The usual suspects. I don't know why it isn't possible to deactivate media parsing in the phone's text messaging app, as the vulnerabilities seem to always be found in those. How often do people send PDF/PSD files by text message?!
I certainly don’t want to suggest that Apple couldn’t do more in terms of security, but 0-days are inevitable. Every OS has them, and will continue to have them. Throwing money at this can make it better, but I don’t think it’s possible to “fix” it without creating some sort of new paradigm for how software is made.
True, but there's a wide range of things that can be done to change how difficult it is to find those 0-days, while also provide good incentives to those capable of finding said O-days.
Writing the iMessage parser in a memory safe language is a step towards a "new paradigm" [0], but more can and should be done by a company Apple's size.
Apple has the money and influence to buy this exploits and analyze them, probably NSA are using them too so Apple won't attempt to upset NSA so they do nothing because the "good guys" are using it too.
Also Apple is notorious on their bad bounties and on have a bad history on providing researchers with unlocked devices for testing, probably Google found more security bugs in iOS then Apple.
Some 0-days - sure.
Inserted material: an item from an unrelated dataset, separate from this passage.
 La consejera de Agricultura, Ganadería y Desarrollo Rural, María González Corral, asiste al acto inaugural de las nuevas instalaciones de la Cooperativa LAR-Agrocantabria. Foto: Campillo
But we're talking about a major corporation continuing their business uninhibited.
If the NSO Group has been active for a number of years, couldn't Apple make an effort to purchase their products (through some third party, perhaps) and then reverse-engineer the vulnerabilities?
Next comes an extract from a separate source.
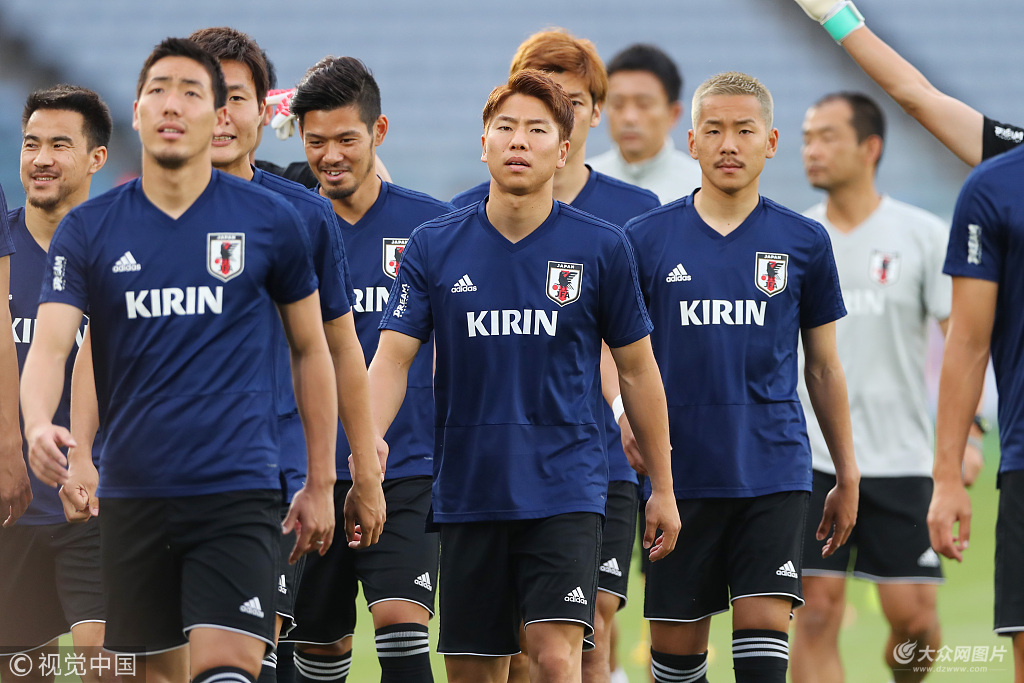 日本男足训练备战麒麟杯 本田圭佑领衔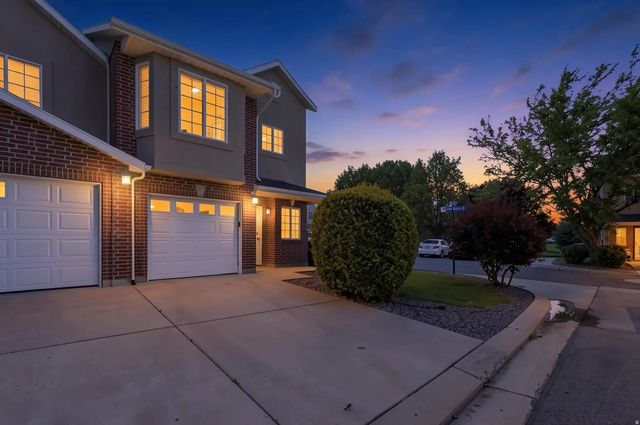 10504 S Sage Flats Way W, South Jordan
I agree that Apple should do more to improve their relationship with security researchers, including paying better.
However I also don't think that this can fully solve the problem - if a government creates a sufficiently funded black hat operation (or outsources it to someone like NSO, which is effectively the same thing), it's inevitable that they will find a 0-day sooner or later.
This is going off topic a bit, but I honestly don't know what the solution to this is. The pragmatic truth is that anyone who is a big enough target that it would be worth for a hostile entity to spend a couple million to intercept their communication should assume at all times that their devices are compromised.
If apple paid 10 million for a 0 day exploit the people who create the exploits would be incentivized to tell apple instead of developing exploits for their employer. Apple could definitely be doing more with their infinite money.
They don't have any incentive to, in fact the opposite is true - they purposefully don't fix zero days so intel agencies can use them to spy on dissidents.